Throughout the Obama era, foreign policy critics have been arguing that America’s enemies are forming some version of the Evil League of Evil to thwart the ambitions of the United States. These musings tend to peak near an election. Last cycle there were musings about an “axis of authoritarians.” This cycle, the Wall Street Journal’s Bret Stephens writes about a new Dictators’ Club. Here’s how Stephens starts:
In the fall of 1940 the governments of Japan, Italy and Germany — bitter enemies in World War I — signed the Tripartite Pact, pledging mutual support to “establish and maintain a new order of things” in Europe and Asia. Within five years, 70 million people would be killed in the effort to build, and then destroy, that new order.
The Pact was the culminating act in a series of nonaggression, friendship and neutrality treaties signed by the dictatorships of the day, sometimes to deceive anxious democracies but more often to divvy up the anticipated spoils of conquest. So it’s worth noting our new era of cooperation between dictatorships — and to think about where it could lead.
Stephens goes on to describe the warming relations between Russia, Iran, Turkey and China as an emergent threat to the United States.
The data point that would bolster Stephens’s argument the most in the past week or so was the announcement that Russia was using an Iranian air base to bomb Syria:
Russia’s use of an Iranian air base to bomb rebel targets across Syria for the first time this week has allowed Moscow to show off sophisticated weaponry as it seeks to cement ties with Tehran and expand its influence in the Middle East.
While the tactical effect was unclear, Russian President Vladimir Putin got the public relations bang he presumably sought when Moscow-issued photos of a sleek Tu-22 bomber dropping a string of bombs appeared on news sites around the globe.
Of course, that was last week. This week — well, it looks like the Russian-Iranian party is over:
An Iranian official said Monday that Russia would no longer use the Islamic republic’s air bases to strike targets in Syria — an apparent rebuke of Moscow for announcing the deployment in the media last week.
At a news conference in Tehran, Iranian Foreign Ministry spokesman Bahram Ghasemi said that Russia’s use of Iran’s Hamadan Air Base was “temporary, based on a Russian request,” and that it is “finished for now.” Russia “has no base in Iran,” Ghasemi added, according to an Associated Press translation of his remarks….
Iran’s sudden reversal Monday showed that allies with a common cause, fighting against Assad’s enemies, maintain diverse goals in the region.
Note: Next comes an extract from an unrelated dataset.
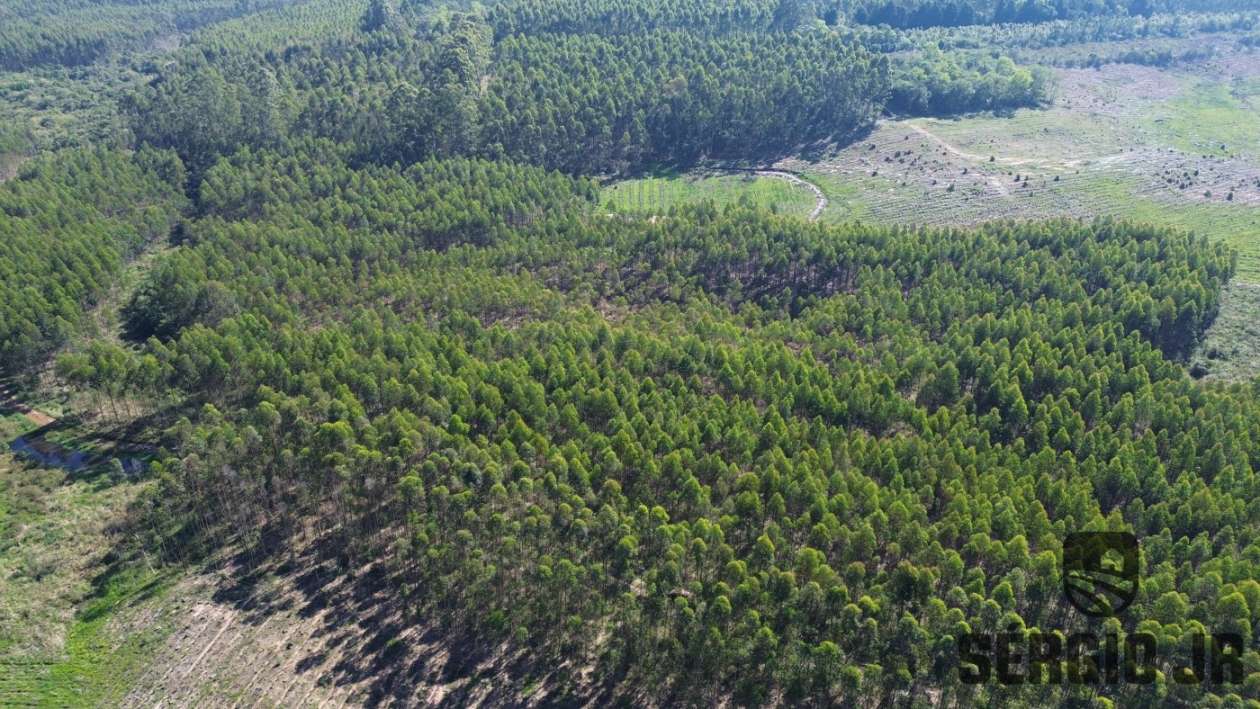 Loteamento e Condomínio, 30 hectares - Foto 13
While Russian politicians indicated a long-term deployment, saying that warplanes stationed in Iran would conserve fuel instead of flying a longer route from the Russian Caucasus, Iranian officials made clear that they were unhappy about the publicity and being seen as a Russian client in the region.
Iranian Defense Minister Hossein Dehghan on Monday attacked publications of the Russian military press that reported the use of Iran’s air base. “There has been a kind of showing-off and inconsiderate attitude behind the announcement of this news,” he told an Iranian television channel.
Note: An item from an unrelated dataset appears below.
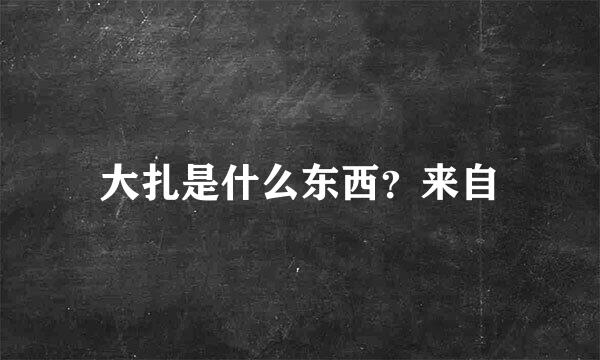 大扎是什么东西？来自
Now some people are saying that this is an example about how all this hyperventilating over authoritarian cooperation is a bit much. Reading through some of the post-mortems, however, it seems as though it’s more a case of the Russians overhyping what happened last week and the Iranians trying to downplay it this week because of domestic electoral concerns. So there are genuine reasons to be concerned about whether America’s rivals are moving closer together.
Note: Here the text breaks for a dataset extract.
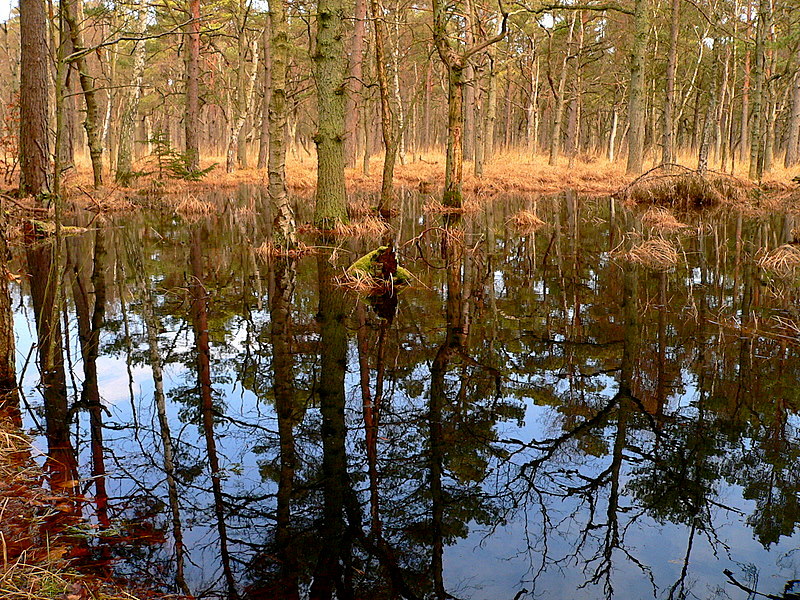 Im Wasserspiegel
Let me suggest a two-step way of thinking about whether America’s adversaries and frenemies are ganging up. The first is to focus on the Middle East and feel secure in the knowledge that everyone’s interests here are too distinct for there to be a real coalition or alliance.
The second is to step back and ask whether any global coalition can really pose a serious challenge to the U.S.-created liberal international order. What’s clear is that any answer would have to include China. And as Andrew Browne notes in the Wall Street Journal, China has a lot more important things to worry about than challenging the United States:
Call it the repression index. One of the best indicators of the country’s economic direction is now a political one….
Can an economic transformation be successful without a loosening of the reins? Censorship is at odds with a knowledge economy. Ideological dogma suppresses free inquiry essential to creativity.
The political signals are unsettling the private sector, which creates almost all the new jobs and drives innovation in products and services. Private investment is collapsing, despite the government’s instruction to local officials to “chant bright songs” about the economy.
The reluctance to invest can only partially be explained by factors such as falling returns amid global economic weakness, on top of worries about currency depreciation. It also reflects what analysts at the Chinese investment bank CICC call an “uncertainty trap” — doubts about the “timetable, road map and implementation” of reform.
I see why folks like Stephens are concerned. It’s easy to point to signs that the U.S.-created global order is fraying at the edges. But these concerns are concentrated in the most screwed-up region in the world, which suggests it won’t amount to much. And the one actor that really matters at the global level is very much preoccupied with internal issues.
So no, I don’t think we need to worry about a new Tripartite Pact.